AAR has standing to claim that the state law violates the Fifth Amendment by allowing a taking of private property for private -- rather than public -- use, allowed Novak. However, he said that claim fails on the merits. "The scheme” enacted by the state law “is rationally related to a conceivable public purpose: rapid expansion of telecommunications access to residents of the Commonwealth."
The railroad group also has standing to claim a 14th Amendment violation of due process rights, said Novak, but that too fails on the merits. “That railroads must petition the [commission] when they allege unjust compensation rather than bring tortious interference claims against state officials does not plausibly deprive railroads of 'due process,'” he wrote. “And railroads remain free to initiate inverse-condemnation claims under an ‘implied contract’ theory in Virginia state courts." Also, he said the Virginia law provides "meaningful procedures, permitting railroads to receive fast-track review from the SCC regarding allegations of inadequate compensation."

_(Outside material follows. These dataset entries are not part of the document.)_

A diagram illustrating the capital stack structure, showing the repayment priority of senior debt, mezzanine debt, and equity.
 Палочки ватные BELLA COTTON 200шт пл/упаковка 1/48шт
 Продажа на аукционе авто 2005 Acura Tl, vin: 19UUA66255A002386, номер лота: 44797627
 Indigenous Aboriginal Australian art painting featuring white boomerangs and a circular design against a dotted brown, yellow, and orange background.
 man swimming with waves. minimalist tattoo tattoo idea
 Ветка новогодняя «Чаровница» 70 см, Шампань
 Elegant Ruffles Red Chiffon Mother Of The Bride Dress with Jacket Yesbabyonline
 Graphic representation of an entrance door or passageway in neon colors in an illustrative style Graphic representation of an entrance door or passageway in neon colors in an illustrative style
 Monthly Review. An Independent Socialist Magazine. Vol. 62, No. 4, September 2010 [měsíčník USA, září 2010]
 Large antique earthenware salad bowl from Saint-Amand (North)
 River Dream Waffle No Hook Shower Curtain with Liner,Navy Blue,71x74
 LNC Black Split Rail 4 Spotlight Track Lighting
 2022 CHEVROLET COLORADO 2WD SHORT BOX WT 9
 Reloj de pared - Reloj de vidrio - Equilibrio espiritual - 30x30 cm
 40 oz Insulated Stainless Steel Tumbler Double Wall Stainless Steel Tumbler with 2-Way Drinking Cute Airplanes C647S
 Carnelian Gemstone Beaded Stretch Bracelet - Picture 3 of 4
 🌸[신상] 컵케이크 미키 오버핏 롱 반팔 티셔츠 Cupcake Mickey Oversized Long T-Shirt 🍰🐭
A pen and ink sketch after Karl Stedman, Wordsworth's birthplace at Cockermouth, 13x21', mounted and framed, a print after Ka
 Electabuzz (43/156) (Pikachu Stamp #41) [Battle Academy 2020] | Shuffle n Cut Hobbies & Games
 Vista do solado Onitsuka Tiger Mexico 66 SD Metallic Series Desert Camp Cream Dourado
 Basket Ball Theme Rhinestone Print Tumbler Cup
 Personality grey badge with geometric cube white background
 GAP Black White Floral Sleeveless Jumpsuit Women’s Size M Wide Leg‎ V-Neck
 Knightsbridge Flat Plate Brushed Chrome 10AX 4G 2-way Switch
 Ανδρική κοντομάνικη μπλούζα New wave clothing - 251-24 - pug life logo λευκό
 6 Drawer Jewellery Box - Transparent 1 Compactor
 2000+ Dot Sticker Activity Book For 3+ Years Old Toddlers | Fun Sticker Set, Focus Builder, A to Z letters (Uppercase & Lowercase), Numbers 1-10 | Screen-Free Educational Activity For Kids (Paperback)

Sovereign immunity bars two other counts claiming that the defendants violated state law, the judge ruled. An exception to the sovereign immunity defense covers claims about violating federal -- not state -- laws, he said. While AAR argued that sovereign immunity doesn’t cover actions by defendants in individual rather than official capacities, Novak disagreed they were individual actions. "Plaintiff's purportedly individual-capacity state claims are in substance official capacity claims barred by state sovereign immunity,” he wrote.
The exception to sovereign immunity could have applied to the railroad groups’ federal law claims against the commission’s Hudson, though not other state defendants who don't enforce the ISP railroad access law, said the judge. But the judge dismissed the counts that would have applied to Hudson for reasons mentioned above. In addition, Novak said that even if the state law claims weren't dismissed on sovereign immunity grounds, the court “declines to exercise supplemental jurisdiction over them, given the dismissal of all federal claims.”